Speaking in Adelaide, Labor leader Bill Shorten expressed frustration with Mr Turnbull's "dishonest" campaign about his party and the Greens, rejecting any deals in government.

"There is no truth to any aspect or any detail of what he's saying ... he ought to stop and he ought to stop now," Mr Shorten said.

The major parties would have to secure a commitment to support budget "supply" and confidence from a minor party or independents in order to govern in the 150-seat parliament if neither of them have 76 MPs.

Independent Tony Windsor, who is taking on Nationals leader Barnaby Joyce in the NSW seat of New England, said he would not sign a written deal as he had done in 2010 with Julia Gillard.

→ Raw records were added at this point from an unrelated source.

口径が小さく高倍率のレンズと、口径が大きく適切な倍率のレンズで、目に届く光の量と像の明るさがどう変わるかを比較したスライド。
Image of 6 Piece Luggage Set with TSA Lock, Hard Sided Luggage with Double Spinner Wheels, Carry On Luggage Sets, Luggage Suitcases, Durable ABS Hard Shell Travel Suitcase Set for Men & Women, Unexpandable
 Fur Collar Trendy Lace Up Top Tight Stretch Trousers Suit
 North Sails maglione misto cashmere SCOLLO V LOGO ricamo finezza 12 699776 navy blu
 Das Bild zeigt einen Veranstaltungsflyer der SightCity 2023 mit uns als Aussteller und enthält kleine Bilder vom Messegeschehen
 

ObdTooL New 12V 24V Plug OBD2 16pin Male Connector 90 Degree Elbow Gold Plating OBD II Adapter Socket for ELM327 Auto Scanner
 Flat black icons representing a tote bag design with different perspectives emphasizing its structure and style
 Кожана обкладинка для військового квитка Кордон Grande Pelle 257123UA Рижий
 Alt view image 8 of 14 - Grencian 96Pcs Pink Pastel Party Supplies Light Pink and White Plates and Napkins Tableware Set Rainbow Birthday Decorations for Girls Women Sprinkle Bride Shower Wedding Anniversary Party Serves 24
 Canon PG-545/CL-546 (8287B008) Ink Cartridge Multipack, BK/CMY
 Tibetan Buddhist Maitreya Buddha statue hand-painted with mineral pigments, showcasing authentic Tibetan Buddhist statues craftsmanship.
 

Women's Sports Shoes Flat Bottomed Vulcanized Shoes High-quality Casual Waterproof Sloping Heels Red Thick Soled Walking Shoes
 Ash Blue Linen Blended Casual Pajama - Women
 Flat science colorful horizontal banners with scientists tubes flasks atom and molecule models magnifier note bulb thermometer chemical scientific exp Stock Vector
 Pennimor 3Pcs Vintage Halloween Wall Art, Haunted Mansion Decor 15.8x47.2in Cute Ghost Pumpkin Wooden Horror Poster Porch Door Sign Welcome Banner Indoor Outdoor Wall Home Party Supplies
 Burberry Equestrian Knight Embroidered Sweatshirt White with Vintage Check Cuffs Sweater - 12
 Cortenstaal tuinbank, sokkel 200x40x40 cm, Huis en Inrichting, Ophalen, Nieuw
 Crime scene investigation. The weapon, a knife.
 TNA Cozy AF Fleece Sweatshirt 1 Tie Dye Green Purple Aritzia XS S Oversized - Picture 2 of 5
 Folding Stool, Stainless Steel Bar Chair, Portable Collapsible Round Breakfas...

"If there was another hung parliament ... I wouldn't be signing any document with any side, I would remain independent," he said.

Cathy McGowan, who is seeking re-election as an independent in the Victorian seat of Indi, said she would not enter into any agreements.

"I'm not going to sell my vote and lose my ability to vote on issues as they impact on my community," she told ABC radio.

Another independent Bob Katter, who is recontesting the Queensland seat of Kennedy, said he would put his 20-point plan to both major parties as he did in 2010.

An average of the latest polls puts Labor on 50.4 per cent of the two-party vote.